To exercise in all these necessary dimensions, we must be proactive. No one can do it for us or make it urgent for us; it is a quadrant IV activity. For instance, exercise is a typical, high- leverage, quadrant II activity that most of us don’t do consistently enough.

  • We think we don’t have time to exercise. What distorted thinking! We don’t have time not to. We’re talking about three to six hours a week. That’s a drop in the bucket compared with the enormous, beneficial impact on the other 162-plus hours in the week. Be proactive. If it’s mining on the morning you’ve scheduled to jog, do it anyway. “Oh good!” you’ll cry. “It’s raining! I get to develop my willpower as well as my body.” Reading for your work and planning require their own allotment of quadrant II time; and you obviously must be wise enough not to “sacrifice” much for your profession that you neglect your family, friends, and community.
  • Taking care of your spiritual dimension renews your core, your center, your commitment to all your principles. People do this in a variety of ways. Some meditate on the scriptures. Others immerse themselves in great literature or music, or commune with nature. To become strong, renew the spirit.
  • In a story called “The Turn of the Tide,” Arthur Gordon describes a time when he found his world stale and flat. His enthusiasm for life waned, and he was getting worse daily. A medical doctor found nothing physically wrong with him, but said he might be able to help if Gordon could follow his instructions for one day. He was to spend the next day in the place where he’d been happiest as a child. He was not to talk to anyone, nor to read, write, or listen to the radio. The doctor then wrote out four prescriptions and told him to open one at 9 a.m., noon, 3 p.m., and 6 p.m.

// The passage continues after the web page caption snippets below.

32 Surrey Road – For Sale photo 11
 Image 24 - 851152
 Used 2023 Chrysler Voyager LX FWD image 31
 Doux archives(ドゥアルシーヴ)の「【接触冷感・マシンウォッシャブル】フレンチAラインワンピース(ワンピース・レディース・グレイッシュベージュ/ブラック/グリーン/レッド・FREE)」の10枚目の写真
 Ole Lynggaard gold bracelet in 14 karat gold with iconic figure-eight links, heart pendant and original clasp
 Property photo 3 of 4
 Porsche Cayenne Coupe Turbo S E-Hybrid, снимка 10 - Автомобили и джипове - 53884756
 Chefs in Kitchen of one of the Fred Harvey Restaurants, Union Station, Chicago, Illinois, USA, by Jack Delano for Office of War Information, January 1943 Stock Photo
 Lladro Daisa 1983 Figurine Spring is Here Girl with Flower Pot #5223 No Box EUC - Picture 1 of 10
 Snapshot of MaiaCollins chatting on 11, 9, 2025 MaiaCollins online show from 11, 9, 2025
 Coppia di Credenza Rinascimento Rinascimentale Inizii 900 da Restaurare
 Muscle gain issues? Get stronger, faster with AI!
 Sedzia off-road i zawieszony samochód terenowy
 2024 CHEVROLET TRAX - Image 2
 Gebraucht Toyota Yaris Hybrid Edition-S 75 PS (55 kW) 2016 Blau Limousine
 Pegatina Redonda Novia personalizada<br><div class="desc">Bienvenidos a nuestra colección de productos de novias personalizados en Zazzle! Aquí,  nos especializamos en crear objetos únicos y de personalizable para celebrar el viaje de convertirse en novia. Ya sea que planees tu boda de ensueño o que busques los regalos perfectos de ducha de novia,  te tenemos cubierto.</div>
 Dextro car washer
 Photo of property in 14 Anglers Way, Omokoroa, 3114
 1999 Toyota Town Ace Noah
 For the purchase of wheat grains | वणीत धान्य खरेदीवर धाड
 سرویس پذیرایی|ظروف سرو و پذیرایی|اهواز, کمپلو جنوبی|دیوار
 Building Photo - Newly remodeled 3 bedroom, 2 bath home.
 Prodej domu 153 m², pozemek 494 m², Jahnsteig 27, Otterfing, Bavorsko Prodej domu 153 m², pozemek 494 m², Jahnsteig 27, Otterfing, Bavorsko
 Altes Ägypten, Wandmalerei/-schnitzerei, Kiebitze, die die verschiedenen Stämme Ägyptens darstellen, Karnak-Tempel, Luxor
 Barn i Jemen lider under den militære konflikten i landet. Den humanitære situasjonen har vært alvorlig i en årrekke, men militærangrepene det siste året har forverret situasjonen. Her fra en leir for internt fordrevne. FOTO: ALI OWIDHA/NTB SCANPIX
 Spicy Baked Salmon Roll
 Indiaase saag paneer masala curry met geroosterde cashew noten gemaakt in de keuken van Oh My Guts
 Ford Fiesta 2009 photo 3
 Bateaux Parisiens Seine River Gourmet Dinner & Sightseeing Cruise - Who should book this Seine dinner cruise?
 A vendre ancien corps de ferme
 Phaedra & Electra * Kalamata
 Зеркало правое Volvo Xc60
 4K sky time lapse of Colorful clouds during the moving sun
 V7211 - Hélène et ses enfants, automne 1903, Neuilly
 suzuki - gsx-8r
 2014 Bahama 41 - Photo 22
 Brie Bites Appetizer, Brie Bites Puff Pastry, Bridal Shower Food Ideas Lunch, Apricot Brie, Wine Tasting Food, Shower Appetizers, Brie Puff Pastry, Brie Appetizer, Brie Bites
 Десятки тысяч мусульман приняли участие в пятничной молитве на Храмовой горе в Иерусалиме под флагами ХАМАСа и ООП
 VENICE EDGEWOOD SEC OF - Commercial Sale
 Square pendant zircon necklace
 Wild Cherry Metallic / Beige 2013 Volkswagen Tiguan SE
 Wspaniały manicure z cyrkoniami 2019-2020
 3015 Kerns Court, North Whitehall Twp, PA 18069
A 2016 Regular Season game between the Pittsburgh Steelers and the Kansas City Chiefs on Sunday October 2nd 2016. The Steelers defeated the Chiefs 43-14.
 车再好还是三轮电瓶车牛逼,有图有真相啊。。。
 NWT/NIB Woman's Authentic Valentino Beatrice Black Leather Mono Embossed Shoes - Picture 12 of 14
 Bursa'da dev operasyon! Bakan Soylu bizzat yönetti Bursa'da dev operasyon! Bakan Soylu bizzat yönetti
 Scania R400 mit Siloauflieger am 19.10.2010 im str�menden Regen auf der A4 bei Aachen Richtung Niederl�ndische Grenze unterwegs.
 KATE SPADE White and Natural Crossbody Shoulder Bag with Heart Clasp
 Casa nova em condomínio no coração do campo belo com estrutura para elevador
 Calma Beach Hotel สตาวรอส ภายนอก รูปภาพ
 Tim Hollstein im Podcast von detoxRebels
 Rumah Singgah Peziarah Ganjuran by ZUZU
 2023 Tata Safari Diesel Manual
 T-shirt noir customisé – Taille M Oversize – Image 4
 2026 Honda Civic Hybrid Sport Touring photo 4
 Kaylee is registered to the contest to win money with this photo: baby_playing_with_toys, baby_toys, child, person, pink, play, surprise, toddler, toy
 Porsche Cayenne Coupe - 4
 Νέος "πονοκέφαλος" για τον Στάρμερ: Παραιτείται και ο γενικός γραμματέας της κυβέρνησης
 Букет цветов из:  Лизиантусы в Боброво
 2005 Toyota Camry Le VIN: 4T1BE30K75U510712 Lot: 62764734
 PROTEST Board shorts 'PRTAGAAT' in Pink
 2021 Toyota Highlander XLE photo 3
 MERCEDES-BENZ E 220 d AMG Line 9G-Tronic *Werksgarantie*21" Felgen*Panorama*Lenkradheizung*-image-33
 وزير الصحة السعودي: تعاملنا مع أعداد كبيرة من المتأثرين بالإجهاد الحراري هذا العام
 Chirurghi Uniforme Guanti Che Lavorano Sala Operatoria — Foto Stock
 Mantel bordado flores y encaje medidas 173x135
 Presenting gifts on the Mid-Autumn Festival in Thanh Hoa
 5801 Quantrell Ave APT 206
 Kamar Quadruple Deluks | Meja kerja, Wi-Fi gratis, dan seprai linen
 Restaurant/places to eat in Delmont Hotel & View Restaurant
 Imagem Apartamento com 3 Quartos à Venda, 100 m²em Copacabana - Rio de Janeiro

  • The next morning, Gordon went to the beach. His first prescription said only this: “Listen carefully.” It seemed insane to listen to waves for three hours. But he did it – and began to hear more and more sounds that weren’t obvious at first. He began to think of lessons he’d learned as a child from the sea: patience, respect for the interdependence of things. He felt a growing peace. The noon prescription read, “Try reaching back.” To what? He thought of the joyful times of his childhood, and felt a growing warmth inside.
  • The 3 p.m. message threw some cold water on him: “Examine your motives.” At first, he was defensive. Of course he wanted success, fame, security – he could justify them all. But then it occurred to him that these motives weren’t good enough, and that fact was making him stagnant. “It makes no difference,” he wrote later, “whether you are a mailman, a hairdresser, a housewife – whatever. As long as you feel you are serving others, you do the job well. When you are concerned only with helping yourself you do it less well – a law as inexorable as gravity.”
  • When 6 p.m. came, the final prescription didn’t take long to fill: “Write your worries on the sand.” He knelt and wrote several words with a piece of broken shell; then he turned and walked away. He didn’t look back; he knew the tide would come in.